FIG. 2 is a cross-sectional view showing a preferred embodiment of the compression molding apparatus of the present invention in an initial state of a compression molding process.
3 is a cross-sectional view showing the compression molding apparatus of FIG. 2 in a final state of a compression molding process.
FIG. 4 is a sectional view showing another embodiment of the compression molding apparatus of the present invention in an initial state of the compression molding process.
FIG. 5 is a cross-sectional view showing the compression molding apparatus of FIG. 4 in the final state of the compression molding process.
FIG. 6 is a sectional view showing still another embodiment of the compression molding apparatus of the present invention in an initial state of the compression molding process.
7 is a cross-sectional view showing the compression molding apparatus of FIG. 6 in a final state of a compression molding process.
8 is a cross-sectional view showing a part of the compression molding apparatus of FIG.
[Explanation of symbols]
2: Pre-formed body
4: mouth and neck
6: Blow molding part
12: Support ring
18: Mold
20: First mold means
22; Second mold means
48; Retraction member
58: Elastic means
60: Holding means
64: Synthetic resin material
66: Additional part
118: Mold
120: First mold means
122: Second mold means
148: Retraction member
158: Elastic means
160: Holding means
164: Synthetic resin material
166: Additional section
218: Mold
220: First mold means
222: Second mold means
248a: Split mold piece (retraction member)
248b: Split mold piece (retraction member)
258a: Elastic means
258b: Elastic means
260a: Holding means
260b: Holding means
264: Synthetic resin material
266: Additional part

Claims (12)

During compression molding, corresponding to the excess amount of synthetic resin material supplied in softened or molten state, the rod-like additional portion protruding downward from the blow molding lower surface is formed, before a blow-molded container, characterized in that Molded body.

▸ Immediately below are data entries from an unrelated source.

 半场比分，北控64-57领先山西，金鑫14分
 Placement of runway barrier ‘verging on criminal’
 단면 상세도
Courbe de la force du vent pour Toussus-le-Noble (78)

It is composed of an annular mouth-neck part and a bottomed cylindrical blow-molded part that hangs down from the mouth-and-neck part. In a method of compression molding using a mold that includes at least two mold means configured to be set in a closed state defining a mold cavity and an open state opening the mold cavity,
A part of the molding cavity is defined by a retracting member that can be moved at a pressure equal to or higher than a predetermined pressure,
Supplying a synthetic resin material having a volume larger than the volume of the molding cavity to the mold in a softened or molten state;
By moving the retracting member by the pressure applied from the compressed synthetic resin material, the excess amount of the synthetic resin material is caused to flow out of the molding cavity to form an additional portion in the preform.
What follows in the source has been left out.